Task data ::
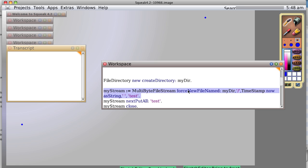This creates a new multi-byte file stream. That is to say, a Unicode text stream. Force a new file named my directory slash timestamp now, which gives you the current time, comma test. So let's see what it does.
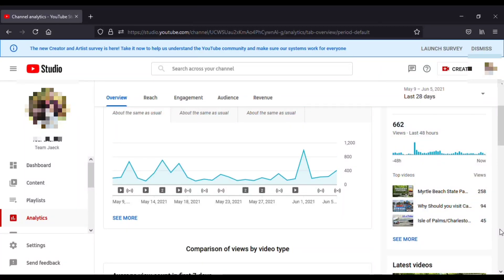Hello everyone, welcome to another tutorial from Team Jake. In this video I'm going to show you how you can find the number of views that you get or that you got within the 48 hours or the last hour.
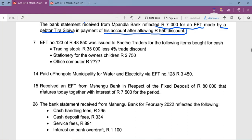Transaction 15 says we received an EFT from Mshengu Bank in respect of a fixed deposit of 80,000 that matured, together with interest of 7,500. Since both amounts come from the same bank, we can record the total of 87,500 in the analysis of receipt column and then separate them into their respective accounts.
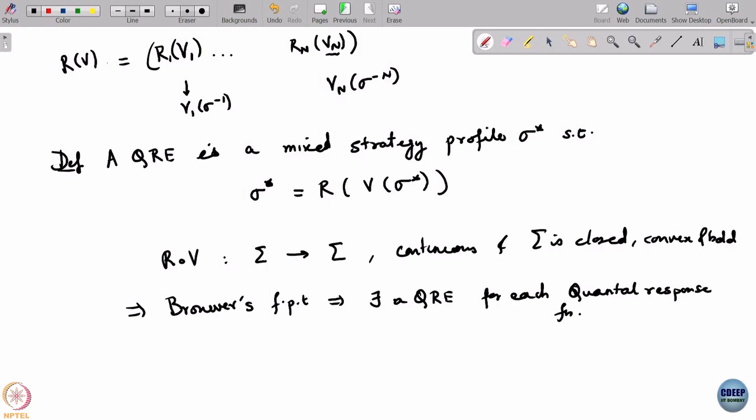There is a little too much flexibility here because you can define whatever quantal response function you want and you will get a quantal response equilibrium. This too-much-flexibility is good when dealing with data - sometimes you get erratic data and no matter how much you try you cannot fit the very demanding theory of games to it. A softer model like this can be fit to your data.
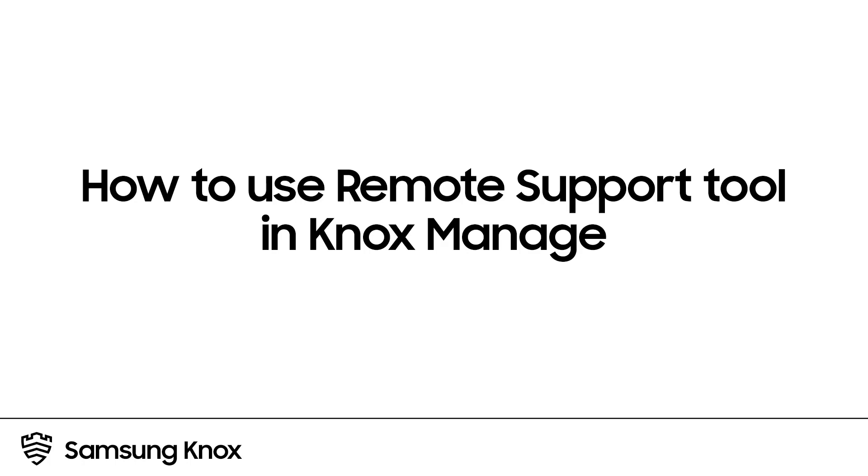Welcome to the Knox Video Training Series. In this video, we'll show you how to use the remote support tool in Knox Manage to troubleshoot and control company devices remotely. Let's get started.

Work instruction :: Omit the pictures and output all remaining material exactly.

Task answer ::
This creates a new multi-byte file stream. That is to say, a Unicode text stream. Force a new file named my directory slash timestamp now, which gives you the current time, comma test. So let's see what it does.
Hello everyone, welcome to another tutorial from Team Jake. In this video I'm going to show you how you can find the number of views that you get or that you got within the 48 hours or the last hour.
Transaction 15 says we received an EFT from Mshengu Bank in respect of a fixed deposit of 80,000 that matured, together with interest of 7,500. Since both amounts come from the same bank, we can record the total of 87,500 in the analysis of receipt column and then separate them into their respective accounts.
There is a little too much flexibility here because you can define whatever quantal response function you want and you will get a quantal response equilibrium. This too-much-flexibility is good when dealing with data - sometimes you get erratic data and no matter how much you try you cannot fit the very demanding theory of games to it. A softer model like this can be fit to your data.
Welcome to the Knox Video Training Series. In this video, we'll show you how to use the remote support tool in Knox Manage to troubleshoot and control company devices remotely. Let's get started.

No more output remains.